I’m about to get on a plane to start my journey back to Sydney, and at times like this I’m always reminded of my all time favourite piece of pseudoscience about aeroplane travel and its impact on health. In fact, it’s so infamous you’ve probably heard of it already. It’s penned by none other than the Food Babe, and it’s truly a gem.

Here are a few of my favourite bits.

When your body is in the air, at a seriously high altitude, your body under goes some serious pressure. Just think about it – Airplanes thrive in places we don’t. You are traveling in a pressurized cabin, and when your body is pressurized, it gets really compressed!

Good thing on the plane I’m taking the cabin will be pressurised to the normal levels,1 not to this imaginary body-distorting standard.

The air you are breathing on an airplane is recycled from directly outside of your window. That means you are breathing everything that the airplanes gives off and is flying through. The air that is pumped in isn’t pure oxygen either, it’s mixed with nitrogen, sometimes almost at 50%.

Thank goodness there won’t be pure oxygen on the plane I’m flying in – that would be, um, deadly. And, as you know, the air we all breathe contains over 78 per cent nitrogen. It would be quite unhealthy if it didn’t.

Choose a seat as close to the front as possible. Pilots control the amount of airflow and it is is always better in their cabin.

Now that’s just plain idiotic.

If you experience a headache, pains or aches, think about using turmeric, garlic or willow bark which are all natural alternatives to aspirin.

I think I’ll pack some garlic cloves instead of a blister pack of tablets – I’m sure the person sitting next to me will appreciate this tremendously. On the other hand, garlic is not a painkiller, so perhaps I need to reconsider.
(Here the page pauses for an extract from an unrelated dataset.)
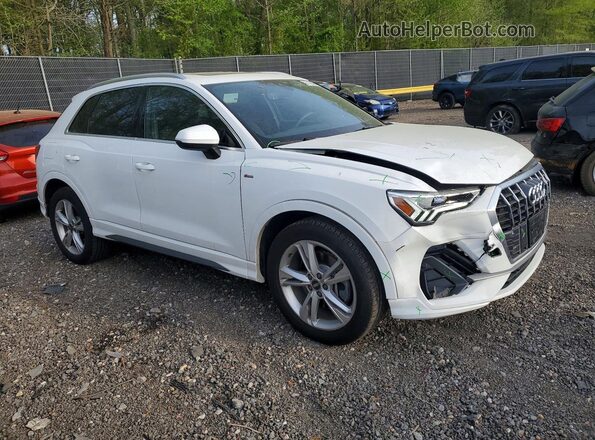 WA1DECF35R1208978 2024 AUDI Q3 White Przód prawy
You can find excellent science explainers commenting on this nonsense article, in particular this one by Steve Novella, although this Reddit thread is also lovely.

So, while you avail yourselves with this story, I’m off to get my body compressed in a metal box carrying unsatisfactory amounts of oxygen, as well as somewhat crappy food. Home, here I come!

Show 1 footnote

  1. Which are slightly lower than on the ground.

3 thoughts on “Aeroplane pseudoscience | Day 353”

  1. As I recall, aeroplane cabins have slightly lower pressure than atmospheric just to reduce mechanical load on the fuselage and, therefore, reduce production costs. Although there is no need to speculate – it’s all on Wikipedia a few clicks away (a thought that somehow slipped Food Babes non-existent mind).